Een heilzaam werk over de theologie van Barth

EEN HEILZAAM WERK OVER DE THEOLOGIE VAN BARTH

Het is een verzuim, dat wij niet eerder in onze kolommen de aandacht gevestigd hebben op „Een beroerder Israëls”, het geschrift van dr. Van Niftrik, dat ruim drie maanden geleden verscheen.

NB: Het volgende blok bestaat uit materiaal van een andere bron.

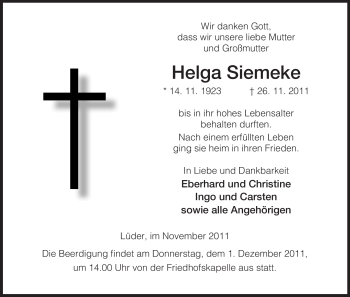 Traueranzeige von Helga Siemeke von ALLGEMEINE ZEITUNG UELZEN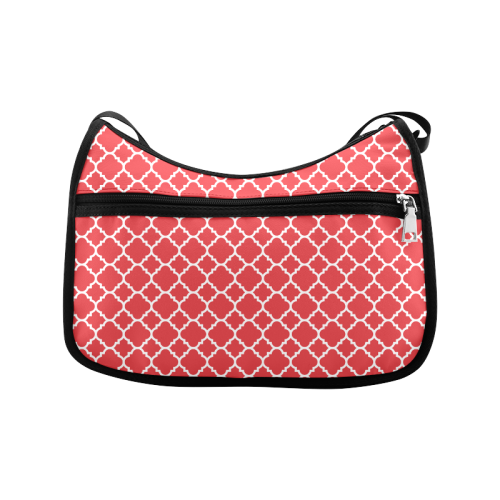 red white quatrefoil classic pattern Crossbody Bags (Model 1616)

Met het schrijven van dit boek heeft N. een belangrijke taak verricht. Het was noodzakelijk, de vaderlandse kolder over Barth (want hij is die „beroerder Israëls”) tegen te staan, maar niemand van ons had het geduld om nu een rustig een verslag te gaan maken van de leer van Barth. Wij meenden, dat nu na twintig jaar, in de kern althans, langzamerhand duidelijk genoeg moest zijn en dat, wat het hart niet wil, door het hoofd nu eenmaal niet wordt toegelaten. We meenden, dat ht zelfverweer van de Nederlandse calvinisten en remonstranten, van humanisten en cultuurgelovigen volkomen begrijpelijk was, juist als zelfverweer. Maar prof. Van Niftrik heeft de kracht opgebracht, te gaan zitten tegenover de hekelaars en de ophemelaars, de boosaardigen en de onnozelen, de geleerden en de geleiden, de kerkbodescribenten en de politieke ijveraars, om te vertellen, als een onderwijzer, die ziet: och ze begrijpen het heus niet, en het is liefdeloos, uit te gaan van de veronderstelling dat de gemeente het van lieverlede wel verstaan zal.

Een ereschuld.

Dit boek is uitnemend geslaagd. Het is niet meer dan een korte samenvatting van „enkele hoofdgedachten”, zoals de ondertitel luidt, niet zelden in eigen bewoordingen van de meester. De schrijver zegt in een voorwoord, dat hij naar de grootst mogelijke objectiviteit heeft gestreefd en dat hij zich toch van een subjectief element zeer goed bewust is. Wij menen hem, wat het laatste betreft, in zoverre te kunnen geruststellen, dat dit subjectieve behalve in de keus der themata en in het stuk over de kinderdoop nauwelijks is te vinden. Wij brengen van Niftrik hulde voor zijn werk. Het zal onze aanbeveling niet nodig hebben; het zal wel uitverkocht zijn voordat de beoordelende instanties zijn uitgepraat; het heeft zijn weg in ons vaderland al gevonden. „Misschien” zo hoopt van N., „dat er nu een einde komt aan veel dwaas gepraat in onze christelijke pers.” Als deze scribenten dan geen duits lezen, hollands kunnen zij toch zeker lezen! Wanneer het lijfblad van prof. Schilder „De Reformatie” Barth in relatie brengt tot de anticrist, en wanneer prof. Van Til in zijn boek „The New Modernism” het prototype van de dialectische theoloog vindt in… de Satan en de dogmatiek van Barth schildert als de anthropologie van de autonome mens, dan wordt het hoog tijd, dat er in Nederland ook eens een boek verschijnt, als is het nog zo bescheiden en al heeft ht geen enkele pretentie, dat een ander geluid doet horen en een poging waagt om de belangstellenden in Nederland beter in te lichten. Het zou mijnerzijds een grote ondankbaarheid jegens Barth betekenen, als deze poging niet werk ondernomen. Ik heb het gevoel, mij van deze ereschuld te kwijten door dit boek de wereld in te zenden.” Die ereschuld hadden de leerlingen eigenlijk allen in te lossen, maar de een is te druk met andere dingen, de ander te moedeloos; van N. heeft het tenslotte gedaan.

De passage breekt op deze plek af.